Sunday, January 17, 2010

What it Meant to be Secular

Everyone around me loved labels. They still do. I had friends who fit into neat little religious boxes, into their various titled denominations. There was a Mormon, a Lutheran or ten, a Mennonite few, the Catholic crowd, the Baptists, the no-churchers-for-a-reason group, and me. Nobody could stick a label on me. I was raised a sort of generic Christian without a title, a group to belong to, a quick way of identifying who I was to people. Until I decided to become Catholic, the problem persisted. Even now, trying to explain to people (even people who know me well, The Man for example) how I was raised is confusing and time consuming. Armed with a vast religious vocabulary as a result of my two-year-long conversion, I attempted to explain it last night on the drive home from my parents'. This is what I came up with (from the Catholic perspective):

What does it mean to be Catholic? There is The Church, the two-thousand-year history and depth of religious thought. There is The Church, the more than billion people who claim the faith. There is The Church and it's Sacred Tradition, all that is Christianity not summarized in the Bible. Of course, The Bible exists in Catholicism too (yes, really). There is Mystery and devotions and all the little things that support our faith, that make us wonder, that keep us grounded, all the little things that become the lens through which we see our world.

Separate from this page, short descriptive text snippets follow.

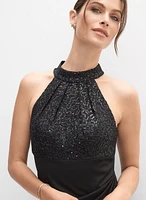 Sequin Bodice Dress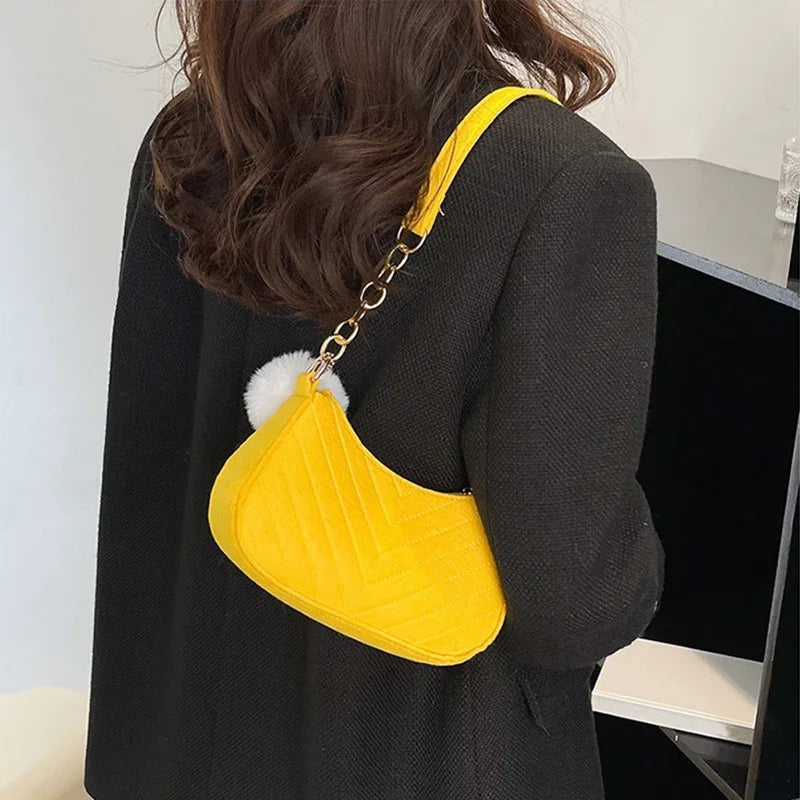 TPU Hard Bucket Armpit Bag | Small Fashion Crossbody Tote Luxegan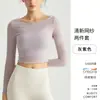 Ropa de Yoga Estilo Nuevo para Mujer, Conjunto de Dos Piezas para Pilates, Top de Fitness Transparente con Encaje Fresco y Sexy, Camiseta de Manga Larga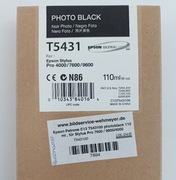 Oryginalny tusz Epson T5431 Photo Black 110ml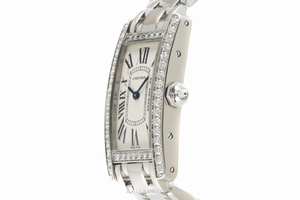 Cartier Tank Americaine 18 ct white gold quartz Kal. 157 Ref. 2489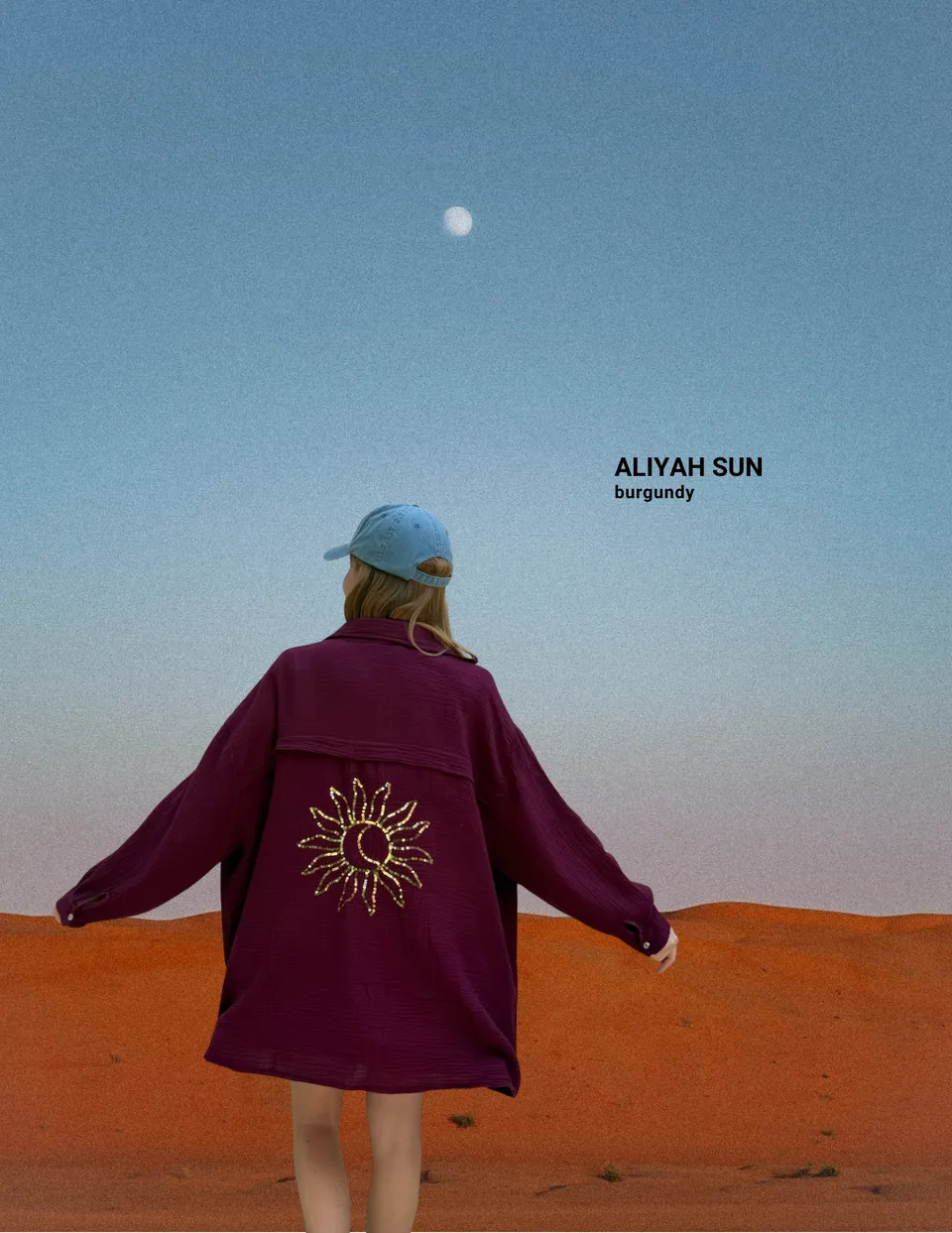 Ella and Rapha Aliyah Sun maglietta burgundy estiva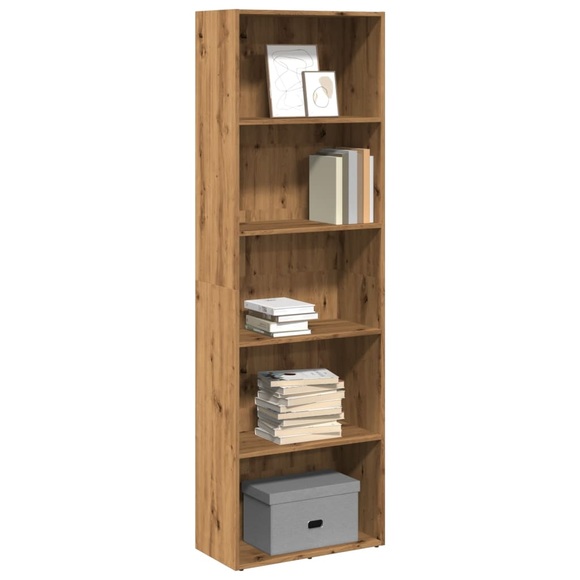 vidaXL Bücherregal Artisan-Eiche 60x30x189 cm Holzwerkstoff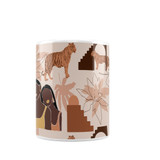 Abstract Jungle Pattern Coffee Mug By Artists Collection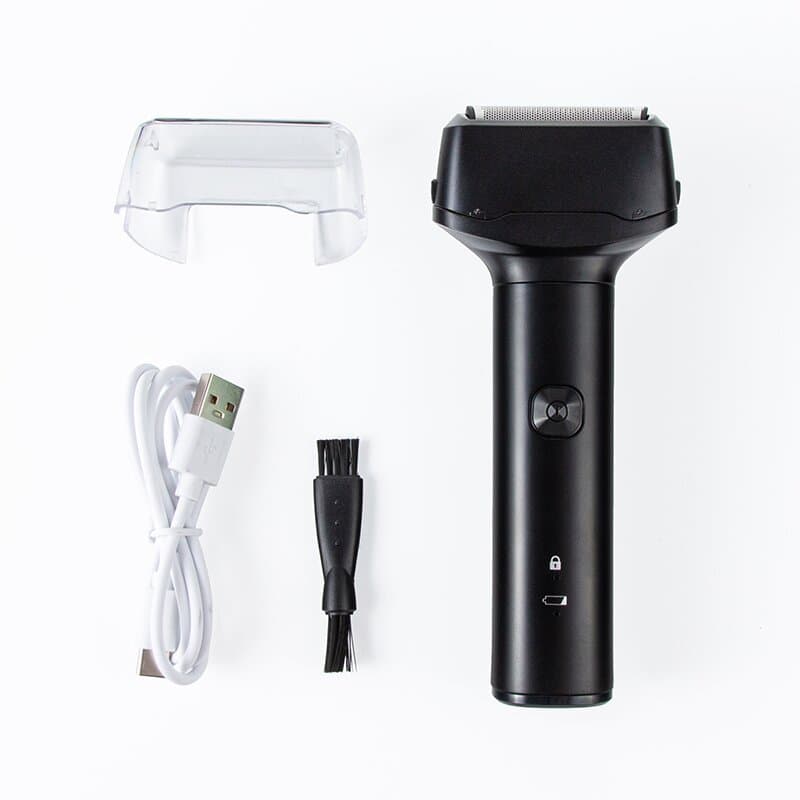 Reciprocating Three-blade Rechargeable Razor, Water-washable Portable Beard Razor, Men's Electric Shaver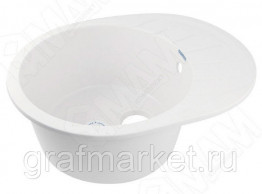 RONDO 580L Мойка мрамор, белый, 580х450, B450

My faith as a teenager was so incredibly different, yet the same at its core. I didn't have The Church. I didn't have history outside of Biblical history or whatever history I learned in public schools (which was surprisingly full since we covered Noah's Ark, David and Goliath, and several other famous stories in class). I didn't have Tradition, and our only traditions included the standard holidays. There was no Mystery, no little things, nothing but the Bible. I was raised a Protestant without a church to call my own. To this day, that's fine with me. I used reason and science to understand my world. I celebrated Easter and Christmas, Halloween and Valentine's Day just like all the other Christians in Hallmarkville. It wasn't blind faith, and it wasn't misunderstood faith.

An example I gave The Man was about how I approached The Bible. Several people have told me that the sum total of all Christian thought and knowledge is contained within the Bible. They tell me I don't need a single book besides that one to live my life. As a high school student attending youth group and hearing this, I balked hard. The pastor and I went around and around about it. I didn't understand how all it is to be human, and all it is to understand grace, and everything I see and do can be contained within one book. There has to be more. I've always known and believed in more. Now, as a Catholic, I get more. I believe in so much more. I get Tradition, Sacred Mystery, and the little things that help me understand my faith beyond The Bible. I get The Church that Christ himself instituted years before the Bible. And I feel like I'm not lying to myself anymore.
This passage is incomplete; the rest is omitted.